In May, Mr. Bompas returned to Athabasca Lake, remaining there until August, when he again returned to Fort Simpson to supply the place of Mr. Kirkby, whose health rendered it desirable that he should visit England. From this place he penetrated into the Youcon territory, where Mr. Macdonald had now laboured alone for seven years. How gladly he welcomed his fellow-labourer, and how cheering it was to him to enjoy intercourse with a friend for the first time during his solitary exile, we must leave our readers to imagine. In April, 1870, Mr. Bompas, accompanied by two Esquimaux, descended the Mackenzie River (then in a frozen state) on snow-shoes, in order to visit the Esquimaux, whose numbers are considerable, and who were living in the darkness of heathenism. Of his sojourn amongst this people our next chapter will give a full account. In the autumn of 1869, the Rev. W. D. Reeve had arrived at Fort Simpson to occupy Mr. Kirkby's post, and thus Mr. Bompas was set free to carry on his itinerating Mission in the wide field, extending from English River to the Polar Sea.

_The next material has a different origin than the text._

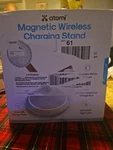Atomi AT2519-QI2-CHARGE Magnetic Wireless Charging Stand, White. Fixed Price $30.00.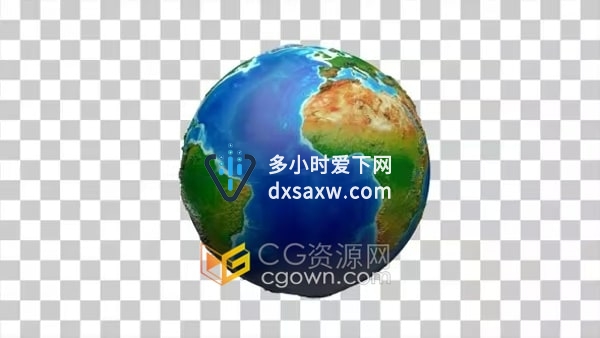 4K分辨率3D地球动画带Alpha通道合成视频素材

In the spring of 1871, Mr. Bompas ascended the Peace River to Rocky Mountain Portage, the extreme point of Rupert's Land on the west, separated from British Columbia by the Rocky Mountains.

At Fort Dunvegan, in this district, he found 150 Cree Indians from the plains south of the Saskatchewan, who had fled from the ravages of smallpox in the plains. "Great excitement," wrote Mr. Bompas, "has been caused by the discovery of gold at the head waters of the Peace River; 2000 miners are said to have been working there during the last twelve months; some of them have not been successful, but a considerable quantity of gold has, I believe, been procured. This discovery will doubtless lead to the opening up of the country; waggon roads are being made from the coast, at Government expense, to supply the miners with provisions, and other necessaries; already the traffic is considerable.

"No Protestant minister has ever visited the gold-mines in New Caledonia. The miners are said to be orderly and well regulated, a judge being resident among them, and everything provided for them except the Gospel. They are said nearly all to abstain from work on the Sabbath, notwithstanding the excitement of their occupation, and that mining operations are restricted by the frost to four months in the year.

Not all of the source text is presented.